Use of a Sustained-Release Chemical Delivery Device in Assessing Effects of Systemic Insecticides

Science Center Objects

Neonicotinoid insecticides the fastest growing insecticide worldwide - and may play a role in the declines of terrestrial and aquatic vertebrate species.

Map of Neonicotinoid insecticide Thiamethoxam use 2011 (USGS-NAQWA)
Map of neonicotinoid insecticide Thiamethoxam use 2011 (USGS-NAWQA)


The Science Issue and Relevance: Testing chemical compounds in animals at ecologically realistic levels without the interference by confounding environmental variables is challenging. For instance, in aquatic exposure systems, chemical half-lives can negate biological activity, and in static exposures, ammonia build­up may compromise animal condition. Recent USGS water sampling showed detectable levels of clothianidin and thiamethoxam in the Mississippi River, thus neonicotinoid insecticides (commonly referred to as NEO) may be found in backwater habitat where amphibians are prevalent.
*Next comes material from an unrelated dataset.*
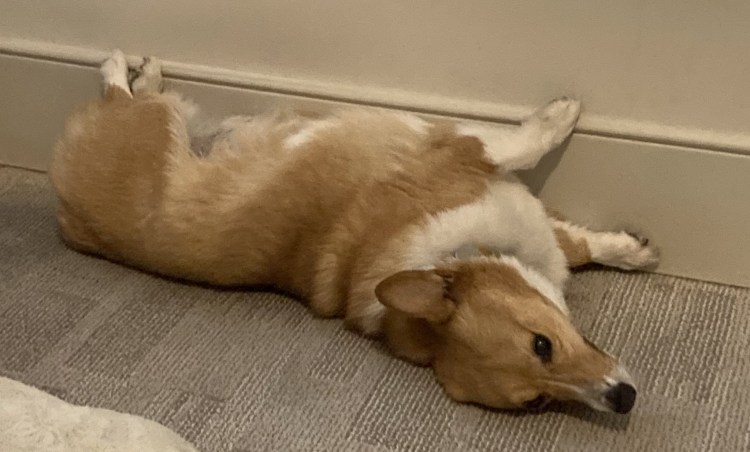 Груминг корги пемброк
Neonicotinoid insecticides are the fastest growing insecticide class globally and have been implicated in bee colony collapse disorder and in declines of numerous terrestrial and aquatic species of vertebrates. The project is setting the stage for wide use of this technology across taxa for expansive studies by USGS and other agencies.

Methodology for Addressing the Issue: In conjunction with a veterinary biotechnology company, a device is being developed that allows for slow release of bioactive compounds of interest. After injecting the device into tissues, the special formulation allows for maintaining steady-state, biologically relevant exposures. In these experiments, the compounds have worldwide agricultural and conservation consequences, and the taxon to be tested is of global concern. Adult leopard frogs will be implanted and biomarkers of response then measured.

Injection in a leopard frog (Lithobates pipiens)
Injection in a leopard frog (Lithobates pipiens)

Future Steps: To apply a sustained release chemical delivery system to a non-mammalian vertebrate for environmentally relevant exposures having physiologically measurable responses, thus demonstrating widespread applicability of the device.